**Short web captions:**
**********
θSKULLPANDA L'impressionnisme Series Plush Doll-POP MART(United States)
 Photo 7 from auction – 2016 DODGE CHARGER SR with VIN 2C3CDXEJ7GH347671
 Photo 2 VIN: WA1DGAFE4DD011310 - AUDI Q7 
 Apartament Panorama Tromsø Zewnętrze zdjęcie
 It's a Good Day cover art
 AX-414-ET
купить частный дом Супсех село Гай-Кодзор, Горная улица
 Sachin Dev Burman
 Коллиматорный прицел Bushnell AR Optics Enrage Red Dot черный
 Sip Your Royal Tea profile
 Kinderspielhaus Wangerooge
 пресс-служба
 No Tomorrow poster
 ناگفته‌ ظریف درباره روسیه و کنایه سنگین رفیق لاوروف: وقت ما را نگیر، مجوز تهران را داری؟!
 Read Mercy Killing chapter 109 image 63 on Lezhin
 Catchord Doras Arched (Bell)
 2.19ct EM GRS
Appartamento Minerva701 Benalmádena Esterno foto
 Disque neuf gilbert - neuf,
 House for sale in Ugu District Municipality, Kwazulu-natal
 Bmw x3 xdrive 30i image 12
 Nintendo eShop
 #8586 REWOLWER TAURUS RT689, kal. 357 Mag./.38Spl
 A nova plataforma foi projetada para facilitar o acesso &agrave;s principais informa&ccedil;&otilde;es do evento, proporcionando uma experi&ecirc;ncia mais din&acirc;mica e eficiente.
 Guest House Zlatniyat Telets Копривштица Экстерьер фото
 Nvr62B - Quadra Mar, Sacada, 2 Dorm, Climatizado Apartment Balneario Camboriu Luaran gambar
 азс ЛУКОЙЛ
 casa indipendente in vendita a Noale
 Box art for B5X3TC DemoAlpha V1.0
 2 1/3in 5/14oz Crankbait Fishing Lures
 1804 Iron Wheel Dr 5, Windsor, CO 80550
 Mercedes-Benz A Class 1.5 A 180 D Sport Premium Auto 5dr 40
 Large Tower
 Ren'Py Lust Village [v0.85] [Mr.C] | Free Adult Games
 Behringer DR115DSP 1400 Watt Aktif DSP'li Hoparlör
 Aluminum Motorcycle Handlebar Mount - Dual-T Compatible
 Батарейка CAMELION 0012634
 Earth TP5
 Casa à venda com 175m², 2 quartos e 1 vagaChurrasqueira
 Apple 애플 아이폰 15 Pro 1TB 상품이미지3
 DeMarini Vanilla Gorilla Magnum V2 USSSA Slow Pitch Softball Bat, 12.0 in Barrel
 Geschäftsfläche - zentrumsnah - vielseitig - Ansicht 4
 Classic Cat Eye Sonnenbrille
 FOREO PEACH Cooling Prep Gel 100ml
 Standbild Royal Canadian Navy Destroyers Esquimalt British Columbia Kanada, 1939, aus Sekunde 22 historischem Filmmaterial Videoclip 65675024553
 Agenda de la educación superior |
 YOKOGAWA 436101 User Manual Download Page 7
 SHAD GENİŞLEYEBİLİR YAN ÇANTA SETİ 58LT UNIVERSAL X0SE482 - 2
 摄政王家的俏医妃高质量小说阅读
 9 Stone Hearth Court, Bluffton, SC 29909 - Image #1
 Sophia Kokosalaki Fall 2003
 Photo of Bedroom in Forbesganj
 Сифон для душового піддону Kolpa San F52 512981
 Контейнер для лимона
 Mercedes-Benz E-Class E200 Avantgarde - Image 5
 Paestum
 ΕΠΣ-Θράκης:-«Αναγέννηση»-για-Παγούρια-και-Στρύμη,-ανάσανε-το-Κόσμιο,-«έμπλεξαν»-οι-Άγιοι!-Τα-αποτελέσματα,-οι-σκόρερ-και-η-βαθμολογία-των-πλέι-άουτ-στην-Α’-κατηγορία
**********
**Task brief:** Would you please repeat exactly the lines above, starting at the line with "Aluminum Motorcycle Handlebar" and stopping at the line with "Classic Cat Eye Sonnenbrille", both included?

**Task response:**
 Aluminum Motorcycle Handlebar Mount - Dual-T Compatible
 Батарейка CAMELION 0012634
 Earth TP5
 Casa à venda com 175m², 2 quartos e 1 vagaChurrasqueira
 Apple 애플 아이폰 15 Pro 1TB 상품이미지3
 DeMarini Vanilla Gorilla Magnum V2 USSSA Slow Pitch Softball Bat, 12.0 in Barrel
 Geschäftsfläche - zentrumsnah - vielseitig - Ansicht 4
 Classic Cat Eye Sonnenbrille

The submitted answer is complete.